В 1925 г. в УССР насчитывалось 989 приходов УАПЦ (680 тыс. прихожан). После отстранения (по указанию ГПУ и через ее агентуру в УАПЦ) В. Липковского и его сторонников от руководства УАПЦ на ее Втором Всеукраинском Церковном соборе в октябре 1927 г. верхушка автокефалов стала полностью подконтрольна чекистам, УАПЦ объединилась с собственными же раскольниками из ДХЦ (см. ниже).

29–30 января 1930 г. 40 «епископов» на Чрезвычайном съезде объявили о роспуске УАПЦ за «контрреволюционную деятельность», объявив заодно В. Липковского «иудохристопродавцем». «Митрополит» доживал оставшиеся до расстрела годы в пригороде Киева, в бедности, под постоянным надзором ГПУ – НКВД, писал «Історію Української церкви» и проповеди, переписывался с украинскими церковными деятелями за границей, делал украинские переводы богослужебной литературы, совершенствовал церковный устав[48].

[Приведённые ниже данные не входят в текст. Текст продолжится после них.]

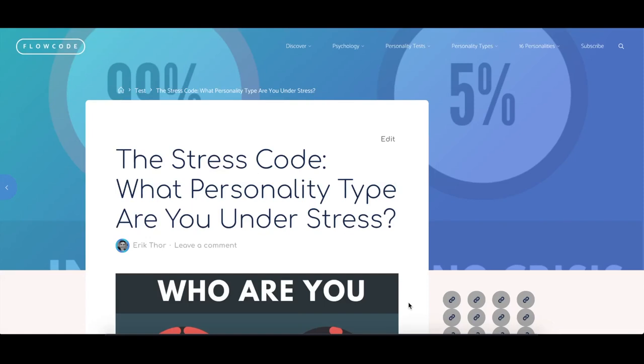Hey everyone, the name is Erik Thor. Today I'm launching a new personality test called the Stress Code. Right there is a Flow Code personality test. I now have a Stress Code personality test.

4. Действенно-Христова церковь (ДХЦ), образовавшаяся в 1924 г. путем отделения от УАПЦ (в результате оперативной комбинации ГПУ) амбициозного М. Мороза и нескольких епископов-«самосвятов». Съезд ДХЦ 20–22 октября 1925 г. проходил под контролем ГПУ. Сама организация, отмечали чекисты, «находится целиком под руководством органов ГПУ».

5. Соборно-Епископская церковь митрополита Феофила (Булдовского) (1925–1936 гг., приняла наименование «Братское объединение парафий Украинской автокефальной православной церкви», БОПУПАЦ), возникшая также при вмешательстве органов ГПУ путем отделения от канонической РПЦ («лубенский раскол»).

Дело в том, что с января 1925 г. ГПУ повело «обработку тихоновского епископата» для создания новой группировки для «борьбы с тихоновщиной и липковщиной». К июню 1925 г. С. Карин с товарищами подготовили трех епископов («инициативную группу») и созвали «собор» в Лубнах (в нем приняли участие лишь 5 из 27 архиереев РПЦ в Украине)[49].